Santa Maria della Salute from Piazza San Marco

 
 
 
 
 
Santa Maria della Salute
Front Photo
May 1998
Photograph
Jpg: Patterson

From: "The Human Internet"

 
Over the centuries, diseases have contributed mightily to great art and architecture.

The church of Santa Maria della Salute is a case in point. In October of 1630, after nearly a third of Venice's 150,000 citizens had been killed by plague, the Venetian Senate made an offer to God: "Stop the plague, and we'll build a church to honor the Virgin Mary."

God came through, or maybe the onset of cooler weather reduced the population of plague-ridden fleas. Whatever the reason, the plague was stopped in its tracks.
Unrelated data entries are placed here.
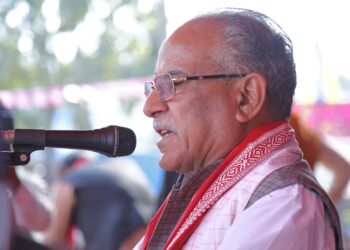 प्रचण्ड भन्छन् : माओवादी र मधेसी जनता एक ठाउँमा नउभिने हो भने प्राप्त उपलब्धि खोसिने खतरा छ ।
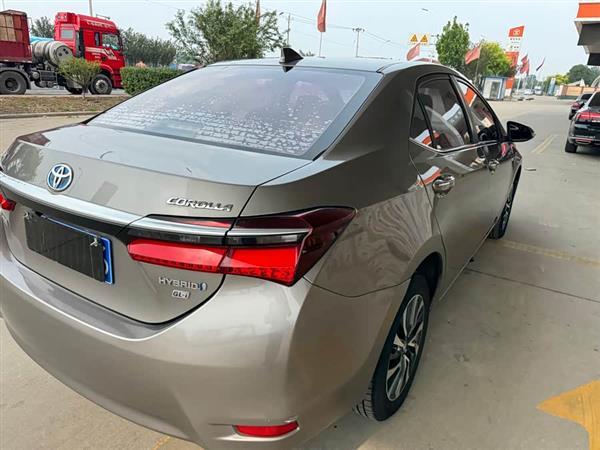 卡罗拉 2017款 改款双擎 1.8L E-CVT领先版
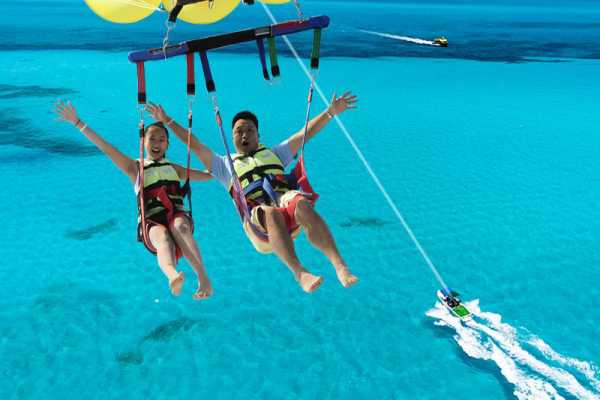 Parasiling Excursions From Sahel Hashesh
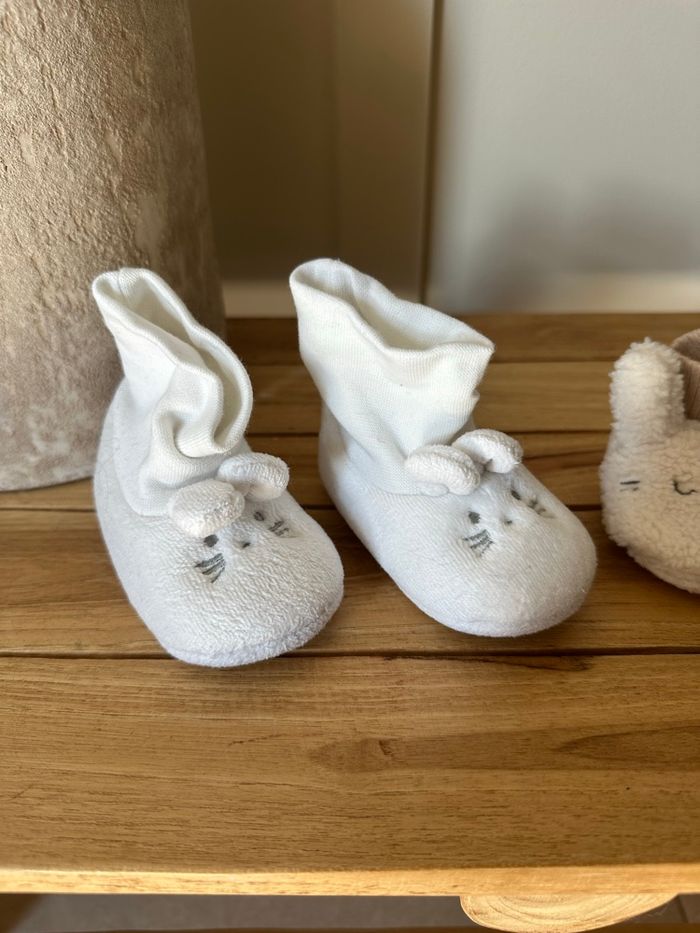 Lots de 2 pantoufles bébé - photo numéro 2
The Venetian authorities honored their promise by giving the Virgin a prime chunk of real estate near the tip of Dorsoduro, where the Grand Canal merged with St. Mark's Basin. 

In the resulting competition for a church design, the winner was an unknown architect named Baldassare Longhena, who had proposed a massive octagonal basilica that combined elements of Venetian Byzantine architecture with domes inspired by St. Peter's in Rome. Longhena described his design as "strange, worthy, and beautiful...in the shape of a round 'machine' such as had never been seen, or invented either in its whole or in part from any other church in the city."

The resulting church wasn't completed until half a century later, in 1682. In The Companion Guide to Venice, Hugh Honour describes Longhena's legacy:

"If you come to Venice by sea--and any other approach is like entering a palace through the back door--the most prominent of the myriad architectural marvels that greet you is the church of Santa Maria della Salute. As if riding at anchor at the entrance to the Grand Canal, with its balloon-like dome weighed down by great baroque scrolls, this fabulous building dominates the scene even more than the Palazzo Ducale or San Giogio Maggiore. It is the supreme masterpiece of the Venetian Baroque--and of its author Baldassare Longhena, one of the few Venetian architects whose personality is strong enough to glimmer through the mists of history. Contemporaries tell us that he was a short dapper man, always dressed in black, of quiet and gentle manners. He had the embarrassing habit of asking everyone he met their openion of whatever work he then had in hand. But this apparent lack of self-assurance finds no echo in the magnficently extrovert and ebullient buildings he designed, least of all in Santa Maria della Salute."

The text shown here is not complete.